羽賀さんのことはすごく印象に残っていましたし、練習仲間の後輩が高校まで柔道をやっていたこともあり、昨年は柔道の大会「講道館杯」を見に行きました。
羽賀 実際に見に来てくれる行動力がすごいですよね。
素直に嬉しかったです。
深谷 相手を投げる瞬間に「ううっ」と唸る選手の声、生で聞く畳の音の迫力、すごくカッコよかったですし面白かったです。
僕は「他競技の魅力発信の仕方」に興味があって、いろんな競技を見に行っています。
見た中で印象に残っているのは、スピードスケートです。
照明や音楽の演出がすごいんです。
レース中はその種目の特徴や魅力など細かい解説が放送されて、それを聞きながらレースを見られるので、ルールが分からない人でも楽しめると思います。

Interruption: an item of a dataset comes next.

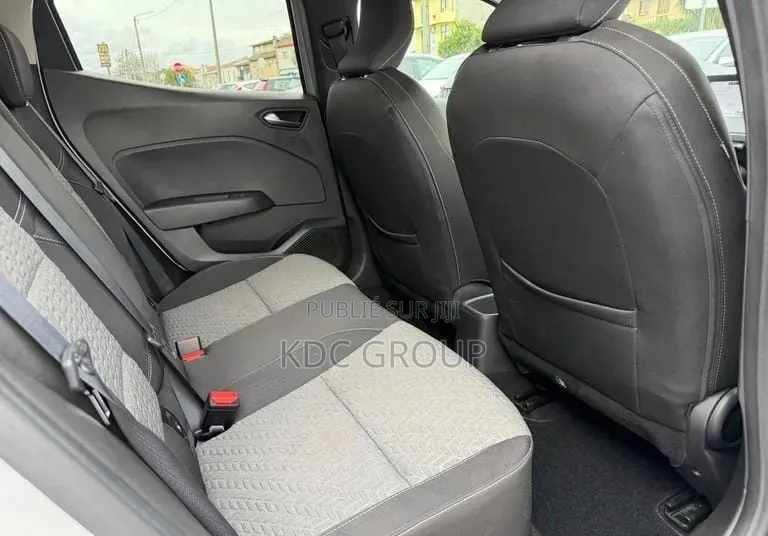 Renault Clio 2022 Gris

羽賀 実際に見に行って分かることって、多いですよね。
僕は競輪を現地で見たことはまだ無いですが、レースはよく見ています。
バンクを走っている間には、多くの戦略がありますよね。
選手同士のコンタクトなどを見ると、記録競技ではなく対人競技だなと思いますし、ある意味“格闘技”の要素もあるのかなとも感じます。
知れば知るほど深みを感じますし、「戦っている」と思って見ています。
深谷 コンタクトには体重制限も無く、決して体重が重い方が勝つわけじゃない。
そんなところも競輪の魅力の一つかもしれないですね。
“自転車という道具”に乗っているからこそ、60kgの選手が100kgの選手をブロックして、どかすこともできます。
オリンピックを目指すまで
深谷 父が競輪ファンで、気付いたら競輪選手を目指していました。
父は車も好きで、その影響で僕も小さい頃から車が大好きだったんです。
「競輪選手になったら(好きな車を)買えるぞ」と刷り込まれました笑
競輪選手としてデビューした頃は、1年ほど自転車競技のナショナルチームに所属していたんです。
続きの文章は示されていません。